Teachers are government. Most of them do a good job.
Ditto with police officers, fire fighters, military, etc. etc. etc.
Care to recalculate your "half decent" 25% number?
Your post was to CD, but I'll add my $0.02.
I spent 20 years in the U.S. Army and I just finished my 21st year in public education.
I'll stick with my "50% on a good day."
At least the armed forces have to demonstrate every once in a while that they can fight a war (although lately they haven't had to demonstrate that they can win one).
Public schools seldom have to demonstrate that they are doing a good job in anything other than athletics. When the voters get fed up, and statewide testing is imposed to see how the schools are doing, the public education lobby--made up of the district superintendents, school boards, teachers' unions, and the state education department--work to undermine confidence in the testing to the point that the testing regimen is soon diluted into meaninglessness.
In addition, I have never seen official letters, policies, announcements, etc., so illiterate as the ones I have seen in public education. Here's the tiniest of examples. Our school busses carry the inspirational exhortation, "GO [TEAM NAME]!" With no comma after "GO." I have pointed this out, but even the English teachers don't care, much less the administration. So our busses drive around town advertising the fact that we don't care enough to properly punctuate a simple 3-word imperative.

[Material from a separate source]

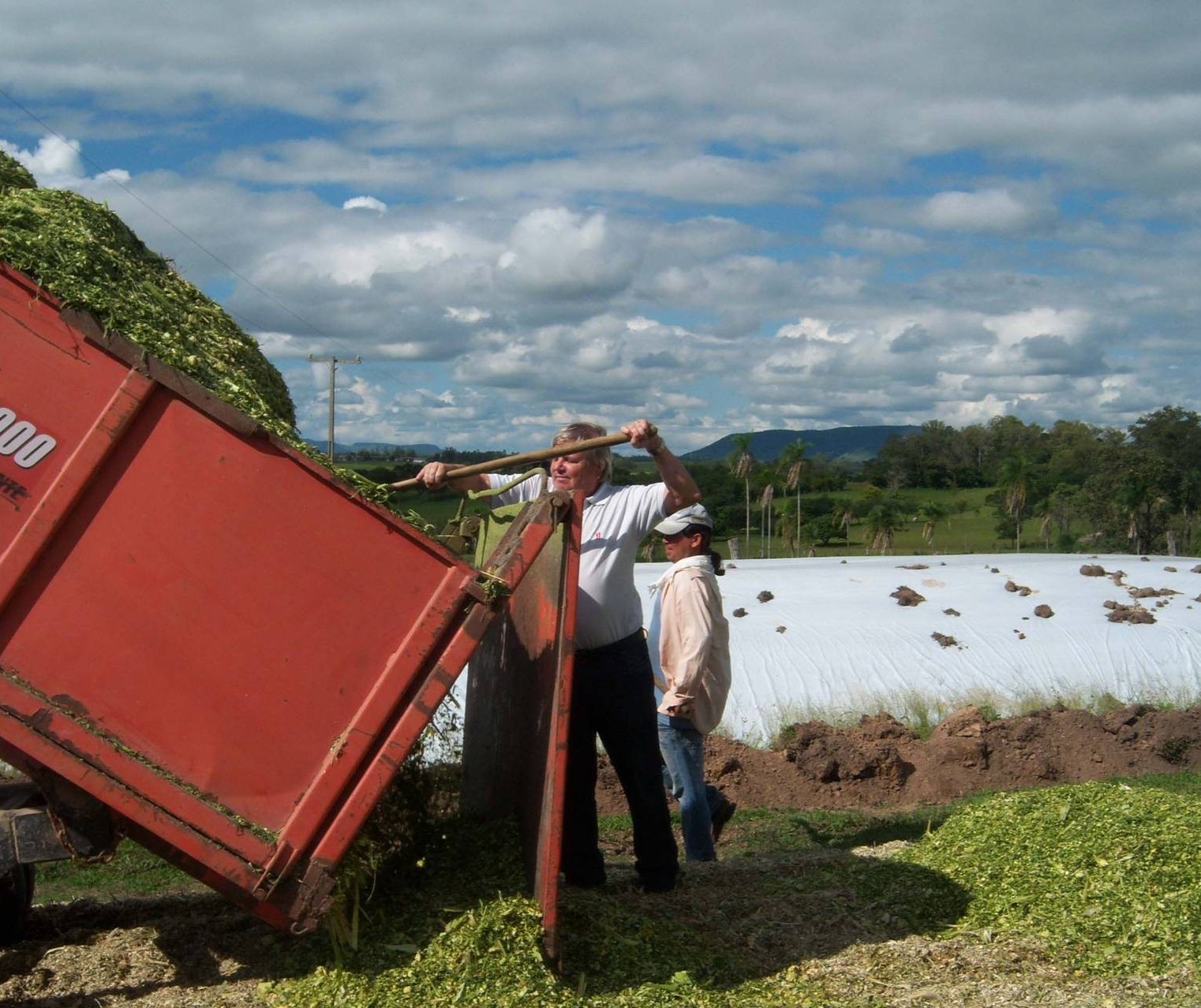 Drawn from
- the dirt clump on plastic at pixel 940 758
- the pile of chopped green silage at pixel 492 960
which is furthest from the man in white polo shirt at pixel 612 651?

Of course, I must concede that Disney did something like this with
Who Framed Roger Rabbit.
For reference, I teach in a high school that is in the top 5% of public high schools in the state. Statewide, there are 100 students each year named to the Academic All-State list. We have three of those students this year, and that's a normal number for us. In my 13 years at this school, we have had between two and four every year.